For now, mercifully, that is an avoidable outcome – but only if we act fast. And only if our politicians treat the Climate Crisis as an emergency, and not as a flippant PR stunt that is designed to win votes through words rather than actions.
Ireland has failed
Let’s be honest: Ireland has pretty much failed to meet every major standard it has set for itself in terms of lowering emissions, increasing biodiversity and living up to its position as only the second nation worldwide to declare a Climate Emergency.
This is already all too apparent, but became inescapable over the weekend when Limerick TD Patrick O’Donovan – who is also Minister of State at the Department of Public Expenditure & Reform – ignorantly tweeted that Ireland needs an liquid natural gas (LNG) plant to meet demand for energy on colder nights.

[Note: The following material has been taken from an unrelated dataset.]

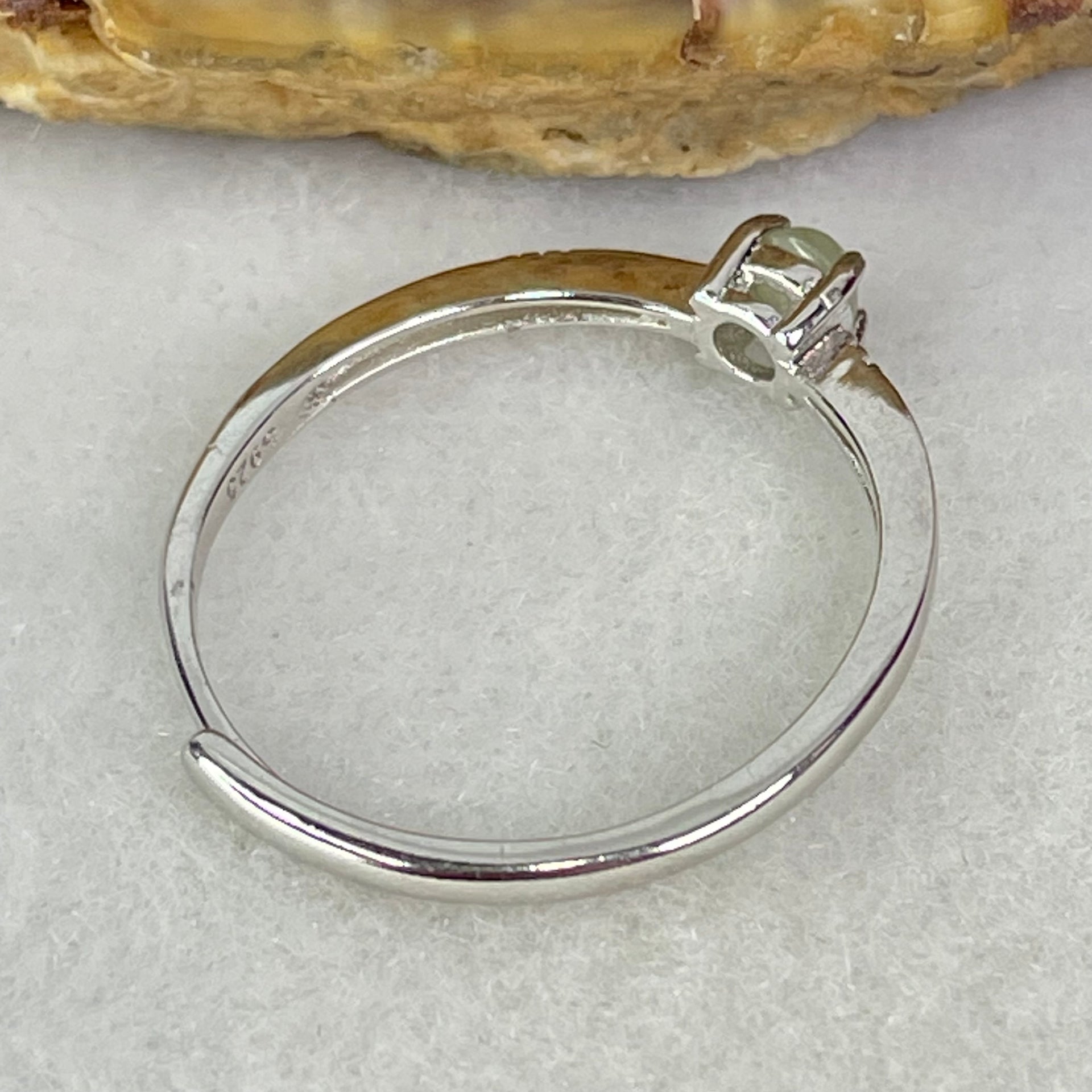 Type A Semi Icy Green Cabochon Jadeite in S925 Sliver Ring (Adjustable Size) 1.09g 4.0 by 2.0mm - Huangs Jadeite and Jewelry Pte Ltd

For those unaware, there was a proposal for Ireland to import LNG from the US, transporting new fossil fuels thousands of miles across the Atlantic, creating vast new emissions in the process, in order to meet Ireland’s potential energy shortfall.

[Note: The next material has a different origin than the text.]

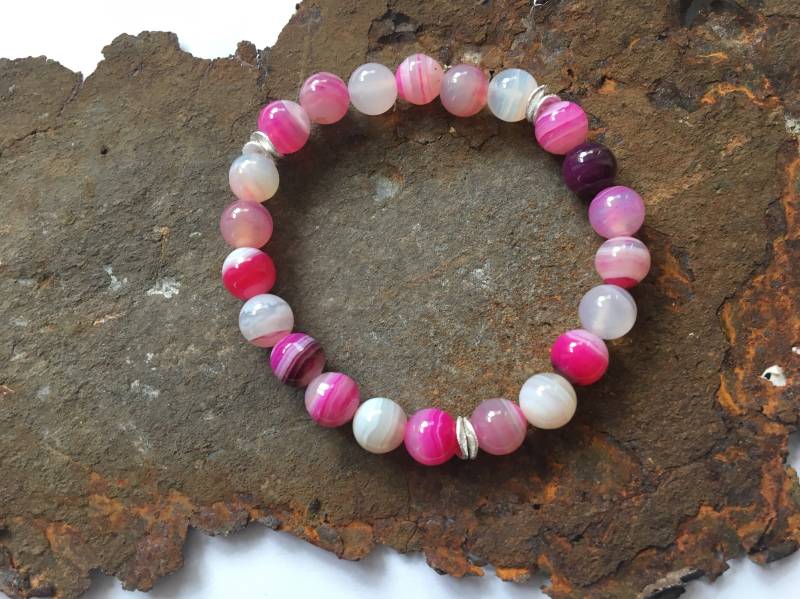 Achat Armband Mit 925Er Silberelementen von PerlenAteliers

Proponents of this approach, such as Mr O’Donovan – who has taken to Twitter to promote the use of fossil fuels before – seem either wilfully ignorant of Climate Crisis, or fully understand just how detrimental the continued use of fossil fuels will be to life on Earth, but chose to encourage their use anyway.
This is particularly alarming for a Limerick TD, given that large swathes of the county and the city will be below the tideline by 2050 – that’s less than 30 years away.
It is also alarming when any TD elects to promote fossil fuel usage given that they are elected by their constituents to act in their best interests – and Ireland is already seen as a laggard both on Climate Action, and on investment in renewable energy.
Mr O’Donovan’s complaints about the apparent lack of wind energy generation ignored the fact that decades of underfunding wind energy has left us with a shortfall compared to other nations.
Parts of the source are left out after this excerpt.